We are happy to report that the new In Gold We Trust Report for 2019 has been released today (the download link can be found at the end of this post). Ronnie Stoeferle and Mark Valek of Incrementum and numerous guest authors once again bring you what has become the reference work for anyone interested in the gold market.

 

Gold in the Age of Eroding Trust

 

A chart from the introduction to the 2019 IGWT report: trust in governments is eroding all over the world from what were already extremely low levels. The same applies to the realms of the media and science. Many people are (rightly, we believe) concerned that these once well-respected spheres can no longer be trusted to be neutral. In many cases they have become extremely politicized and are pushing agendas that are opposed by a growing number of people.

 

This year’s report is entitled “Gold in the Age of Eroding Trust” and has been published in German, English and for the first time in Mandarin as well. The extended English version of the report is quite voluminous this year – it has 325 pages. Trust in once well-respected institutions (see chart above) is increasingly eroding. Eventually this erosion of trust is likely to engulf the global monetary order and gold is without a doubt one of the most reliable hedges against such a development.

As always, the report not only contains a wealth of interesting analysis, it is also an extremely useful reference work that can be consulted whenever one needs a statistic or a historical chart relevant to the gold market.
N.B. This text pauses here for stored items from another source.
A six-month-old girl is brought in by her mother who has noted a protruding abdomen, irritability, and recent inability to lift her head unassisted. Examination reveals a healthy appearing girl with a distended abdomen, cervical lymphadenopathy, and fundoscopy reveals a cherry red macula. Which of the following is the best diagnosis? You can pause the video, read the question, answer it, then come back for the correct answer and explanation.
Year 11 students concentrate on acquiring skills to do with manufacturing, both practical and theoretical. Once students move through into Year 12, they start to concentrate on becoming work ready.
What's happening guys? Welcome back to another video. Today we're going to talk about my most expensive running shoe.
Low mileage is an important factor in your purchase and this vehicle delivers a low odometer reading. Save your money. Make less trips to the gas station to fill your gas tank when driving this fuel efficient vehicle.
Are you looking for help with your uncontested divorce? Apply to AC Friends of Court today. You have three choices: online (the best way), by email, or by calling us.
To our knowledge it is the most comprehensive  collection of valuable gold-related data that exists.

All aspects of the gold market are discussed, from the political and economic backdrop to technical and sentiment conditions. There are even forays into the realm of philosophy (particularly interesting in this context is the chapter “Acceleration and the Monetary Order”, see the Table of Contents further below).
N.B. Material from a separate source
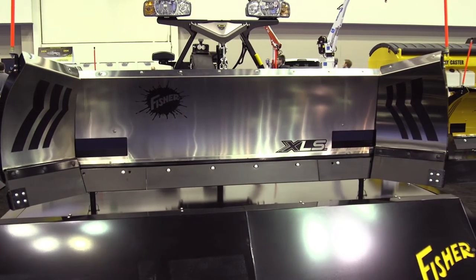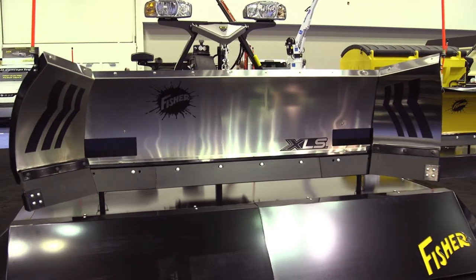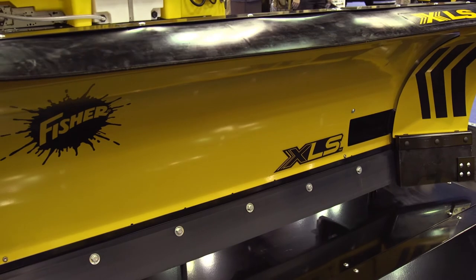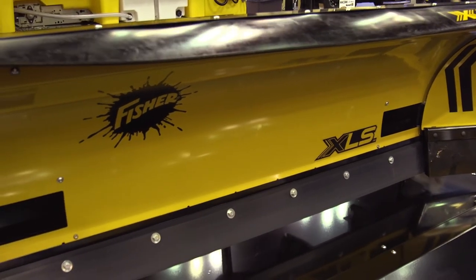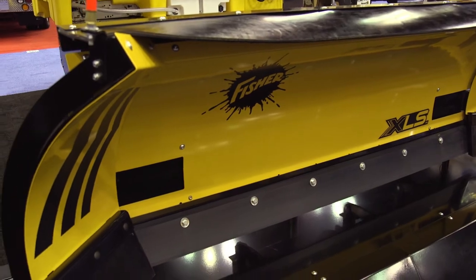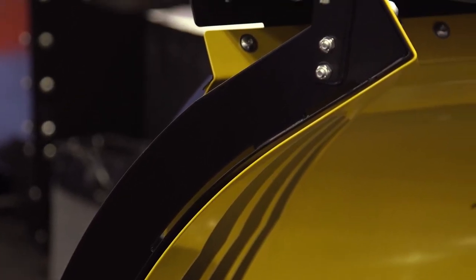The XLS product is one of our more innovative lines of plows, offering users the ability to transport a narrow plow, but gain the efficiency of expanding a plow out to 10 feet on the previous model, scooping, containing and maneuvering snow.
We are currently at a very interesting juncture – up until now, the so-called “Everything Bubble” (which we also like to refer to as the “Great Bernanke Echo Bubble”, or GBEB for short, naming it after its creator) has proved remarkably resilient. That could be about to change.

 

A giant asset bubble waiting for a pin…

 

The fact that the Fed has tightened its monetary policy  – even though it remains highly accommodative compared to the past – may well be what it takes to stop the enormous asset price inflation of recent years dead in its tracks. Year-on-year growth in the US broad true money supply TMS-2 has recently declined to a new 12-year low of 2%, which is well below the level we believe is needed to keep asset price inflation going without a hitch.

 

Say hello to the pin – the Fed’s reversal of “QE”.

 

Gold has been neglected in recent years, as market participants have become increasingly convinced that they won’t need a portfolio hedge – a decision that some may come to regret. It is actually quite remarkable how well the gold price has held up in the face of the relentless rise in risk asset prices.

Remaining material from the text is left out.